La soi-disant « menace technologique chinoise » du chef espion britannique est une accusation sans fondement ;  attiser le conflit se retournera contre vous: FM

Jeremy Fleming, chef du siège des communications gouvernementales (GCHQ) Photo d’archive : site Web du GCHQ

Le porte-parole du ministère chinois des Affaires étrangères a réprimandé mardi une accusation « sans fondement » du chef de l’agence britannique de cyber-renseignement qui, selon les extraits de son discours de mardi, affirme que la Chine utilise son pouvoir financier et scientifique pour manipuler les technologies d’une manière qui risque sécurité mondiale.

Les accusations du responsable britannique n’ont aucun fondement factuel, a déclaré Mao Ning, porte-parole du ministère chinois des Affaires étrangères, lors d’une conférence de presse mardi.

« Le développement technologique de la Chine vise à améliorer la vie du peuple chinois.
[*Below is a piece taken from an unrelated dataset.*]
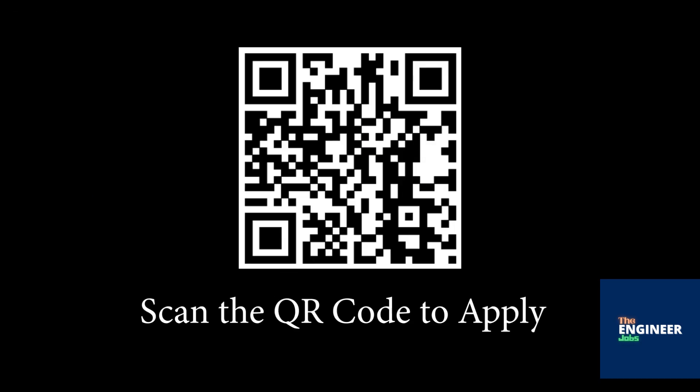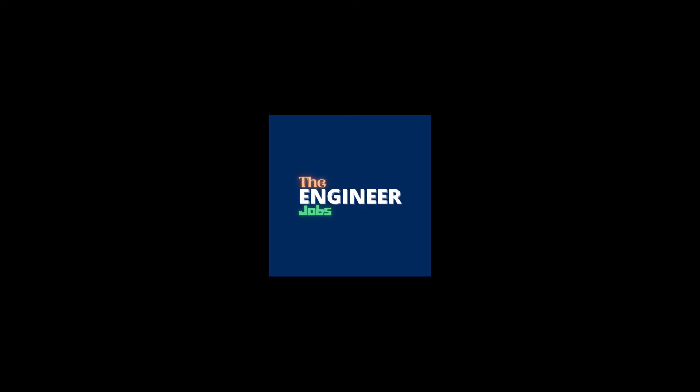Scan the QR code to apply for the position. Please like and share the video. Subscribe the channel for more job notifications.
Il ne cible personne et encore moins ne représente aucune menace », a souligné Mao.

Souscrire à la soi-disant théorie de la « menace chinoise » et alimenter la confrontation ne profite à personne et finira par se retourner contre lui, a condamné le porte-parole.

Jeremy Fleming, chef du Government Communications Headquarters (GCHQ), l’agence d’espionnage électronique du Royaume-Uni, a averti mardi dans un discours public devant le groupe de réflexion du Royal United Services Institute que la Chine souhaitait « obtenir un avantage stratégique en façonnant l’écosystème technologique mondial ». Associated Press a rapporté.
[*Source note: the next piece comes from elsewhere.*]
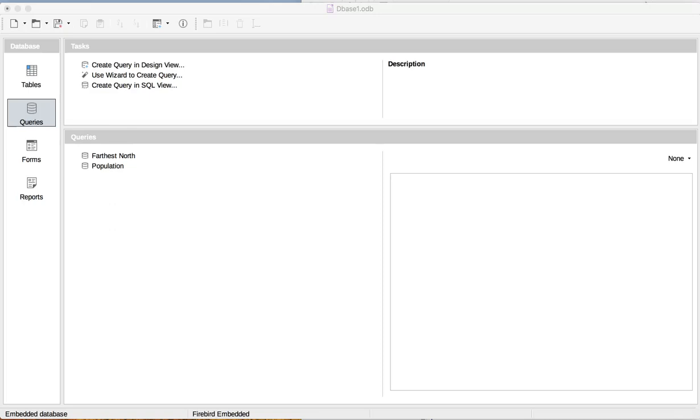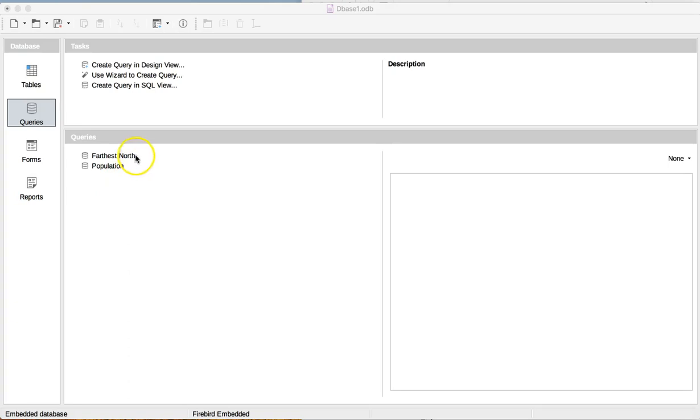To run a query in LibreOffice, you open the query window here, and you can see I've already got two different ones, Farthest North and Population.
Il a déclaré que la Chine cherchait à utiliser les monnaies numériques utilisées par les banques centrales pour espionner les transactions des utilisateurs et comme moyen d’éviter de futures sanctions internationales du type imposées à la Russie pour son opération en Ukraine, selon le rapport.

Les extraits du discours prévu ont déjà été publiés lundi.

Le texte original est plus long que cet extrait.